Mehdi Sekkouri Alaoui
Président de la Fédération marocaine des professionnels du sport
«Les grands événements ne sont que les cerises sur le gâteau sur un grand stade aujourd’hui. Les stades ne doivent pas être uniquement des lieux pour des événements sporadiques, mais doivent être conçus pour vivre au quotidien avec des événements variés».
Taoufik Radi Benjelloun
Fondateur et CEO de Play Management Group
«Ce que l’on voit actuellement, c’est une montée en compétence des organisateurs d’événements marocains, que ce soit sur le plan artistique, culturel ou sportif. Les organisateurs au Maroc deviennent de plus en plus capables de gérer des événements de grande envergure, permettant ainsi une meilleure exploitation des infrastructures».
Mohamed Bennis
B2B Sales Director à Orange Maroc
«La connectivité est l’affaire de tous, que ce soit les antennes ou mettre de la fibre. Il y va de notre capacité, acteurs publics comme privés, d’être au rendez-vous. Sans accès au domaine public, il n’y a pas d’infrastructure».
Des technologies et de l’équité territoriale
Zaki Lahbabi, directeur général de TSM, agence spécialisée en marketing sportif, est catégorique. Au-delà de l’aspect technique, la connectivité soulève également des enjeux sociaux et économiques.
Pour lui, les événements sportifs peuvent servir de catalyseurs pour le développement local, en particulier dans des villes, villages et zones où l’infrastructure numérique est moins développée.
«La connectivité peut devenir un levier pour la transformation numérique de tout un territoire.

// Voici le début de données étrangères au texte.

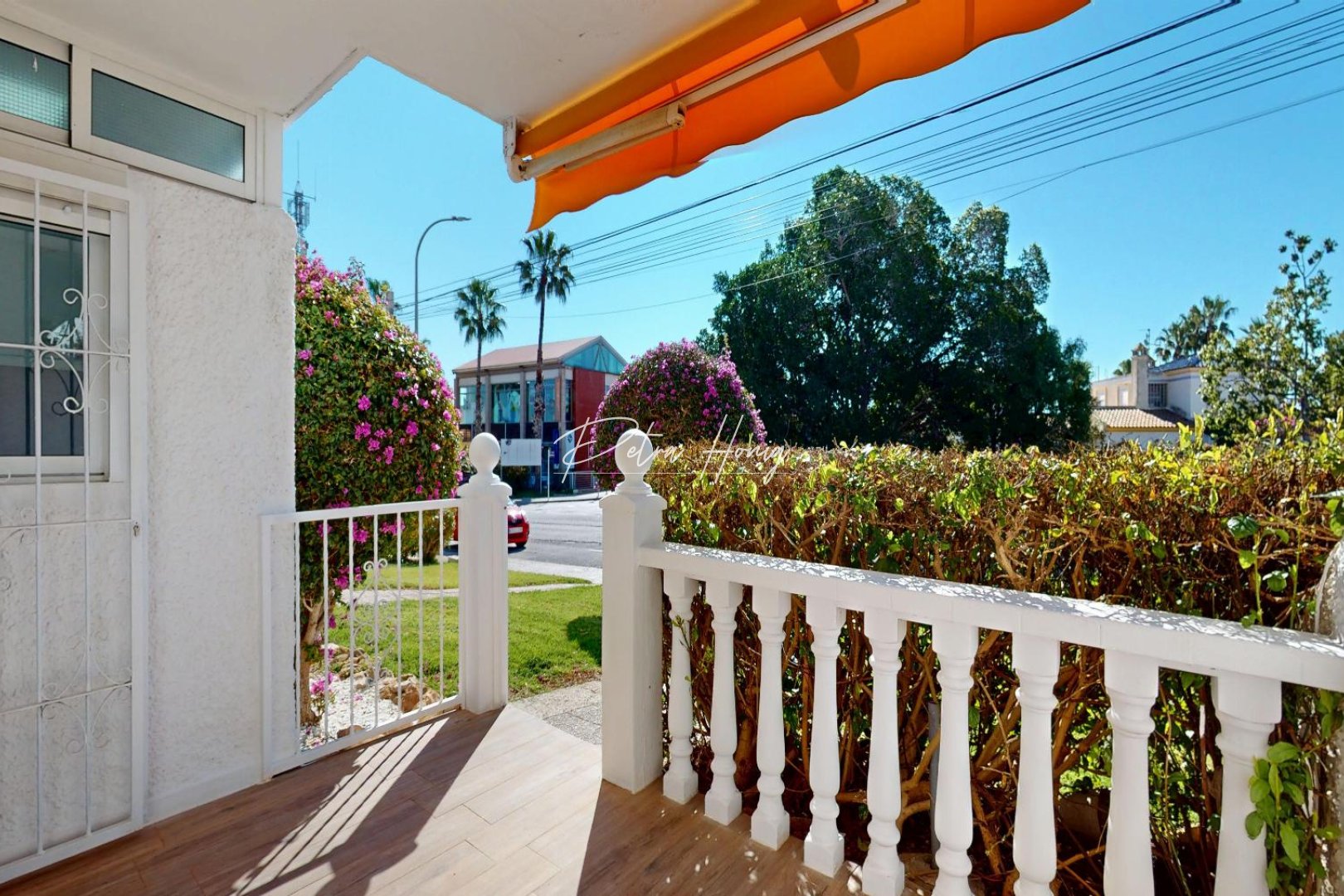Resales - Bungalow - Orihuela Costa - Villamartin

En facilitant l’accès aux technologies dans ces lieux, on crée un environnement favorable à l’innovation et à l’adoption de nouvelles pratiques numériques».
Mais en dehors des grands centres urbains, le Maroc fait face à un défi majeur : la décentralisation des événements sportifs et la fourniture de connectivité dans les régions éloignées.
Zaki Lahbabi met en lumière un problème récurrent, celui de l’absence de couverture réseau dans nombre de régions, où l’accès à Internet reste limité.
«Quand vous avez des événements de portée internationale, comme le Marathon des Sables, il est parfois nécessaire de recourir à des systèmes non officiels pour assurer la couverture internet et la sécurité des coureurs», explique-t-il.
Ce manque de connectivité dans les zones rurales nuit non seulement à l’organisation d’événements, mais aussi à l’inclusion numérique, un aspect crucial pour un pays qui veut se positionner comme un leader du soft power sportif en Afrique.